If you can convince an employer that your short stays there actually benefit him here, more the better. This is not far-fetched. Changing jobs more often than the average, you can accumulate a lot of skills very quickly and bring knowledge of multiple environments to your new employer. If 70% of your mastery of the position comes in your first year, 25% your second, 5% your third, then leaving after one or two years nets you much of the skillset, and your next position you're learning 70% again instead of 5%. You may not become an expert in one area, not having seen every permutation of the problem, but you will have a solid grasp on a number of areas instead.
I've not suffered, mind you. I've grown immensely. But it yields soul-searching questions. I have read a lot of articles on Millennials and job-hopping. Because if you're reading about someone job-hopping, it's usually about a Millennial. I'm not one, by most definitions, being born 2+ years too early. I'm the tail of GenX apparently, but the generalizations seem to apply to me as does the logic presented in a number of more profound descriptions of what Millennials are looking for.

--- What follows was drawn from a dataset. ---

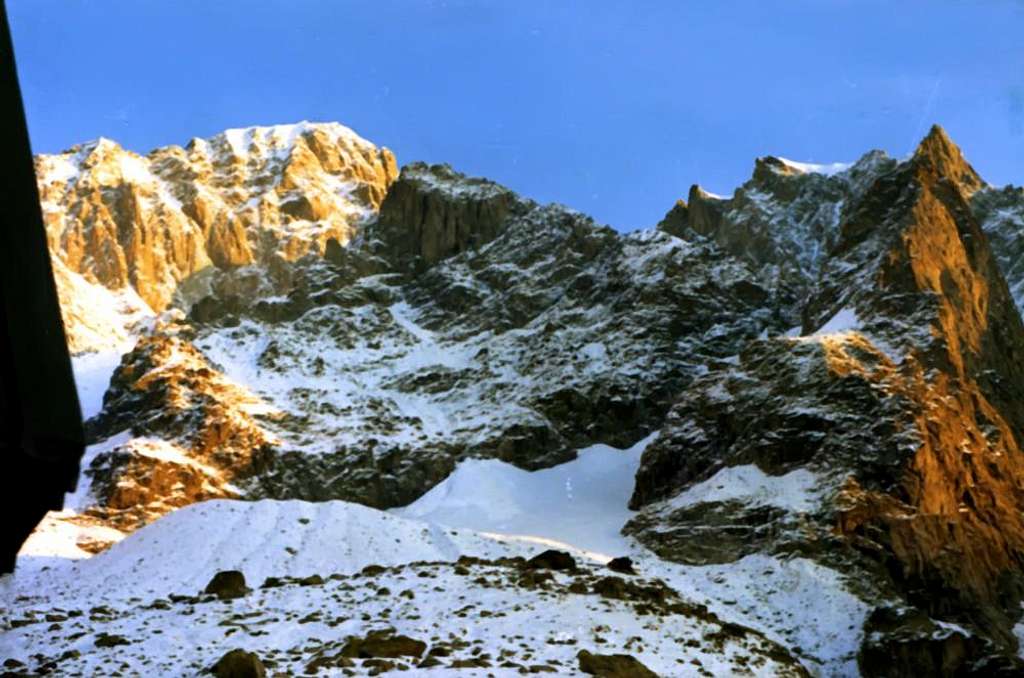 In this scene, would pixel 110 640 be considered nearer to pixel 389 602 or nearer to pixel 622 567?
pixel 389 602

There is the possibility that Millennials may not be hopping at so unusual a rate, given their age, as previous generations. And I was relieved to see writing that confirmed my feeling that many job-hoppers (like myself) long for a place of permanence where
they are effective, productive and growing. Apparently, they might be even be conservative in their activity. What separates me from those
who stay is the acknowledgement of otherwise missed opportunities that are worth following. What fails to hinder me is some resignation that perhaps the permanent fits our parents had are no longer possible. I think I'd like to find I'm pleasantly wrong someday. Simply put, I've left places, hoping to find a new spot where I am unlikely to want to hop. I may switch to prepare myself for such a place. This represents a certain vague wish that both such a place exists and that I will be appropriate for and accepted into it once found. It's not all naïveté. Whether or not that permanent place exists, I'm bringing value to those employers who can use me.

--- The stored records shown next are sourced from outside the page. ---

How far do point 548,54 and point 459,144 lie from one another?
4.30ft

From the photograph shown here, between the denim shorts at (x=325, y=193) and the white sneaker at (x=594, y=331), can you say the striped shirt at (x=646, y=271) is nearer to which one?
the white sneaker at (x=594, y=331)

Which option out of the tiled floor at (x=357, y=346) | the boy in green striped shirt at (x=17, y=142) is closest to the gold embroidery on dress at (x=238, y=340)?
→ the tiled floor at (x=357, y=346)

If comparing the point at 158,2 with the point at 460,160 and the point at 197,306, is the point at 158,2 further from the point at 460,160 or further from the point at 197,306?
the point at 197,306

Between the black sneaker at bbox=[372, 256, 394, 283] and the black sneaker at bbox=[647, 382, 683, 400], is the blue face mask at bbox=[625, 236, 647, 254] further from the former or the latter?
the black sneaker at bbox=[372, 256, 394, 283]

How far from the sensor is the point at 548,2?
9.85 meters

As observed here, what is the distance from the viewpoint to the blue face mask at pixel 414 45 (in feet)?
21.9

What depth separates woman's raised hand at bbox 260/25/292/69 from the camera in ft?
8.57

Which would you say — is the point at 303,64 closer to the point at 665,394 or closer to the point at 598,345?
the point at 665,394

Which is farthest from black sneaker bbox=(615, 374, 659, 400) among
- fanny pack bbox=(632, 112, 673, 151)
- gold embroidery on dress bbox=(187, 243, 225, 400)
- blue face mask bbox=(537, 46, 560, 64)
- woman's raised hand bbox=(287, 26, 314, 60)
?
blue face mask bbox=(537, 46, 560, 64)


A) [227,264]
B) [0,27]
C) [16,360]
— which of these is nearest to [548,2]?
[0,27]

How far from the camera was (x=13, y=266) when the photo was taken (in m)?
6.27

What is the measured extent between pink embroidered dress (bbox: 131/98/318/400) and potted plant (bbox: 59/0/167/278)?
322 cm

The workplace and worker has changed. There is job-hopping: leaving the current adequate workplace as soon as another company offers marginally more attractive incentives (the bigger better deal). And then there is job-hopping, in not feeling overly constrained to stay with a company where the work or incentives offered are significantly poorer than the available alternatives in the name of some arbitrary sense of personal duty or one-sided loyalty. Recognizing “I work for my family” as the ultimate priority goes a long way to reduce any guilt associated with leaving.
The question that is left unanswered until a long-term hire occurs is do I leave so often because there are few jobs capable of providing long term challenge? (a failure of the work or company) or do I leave so often because I am not looking long enough or hard enough for the right challenges? (a failure of my own job search).
Do I really know myself and the kind of role I should be targeting? What can separate the itinerant employee who has zero real interest in the company from a strong engineer may be this introspection: that if the question is finally answered he'll find the role for which he is optimally suited and highly effective.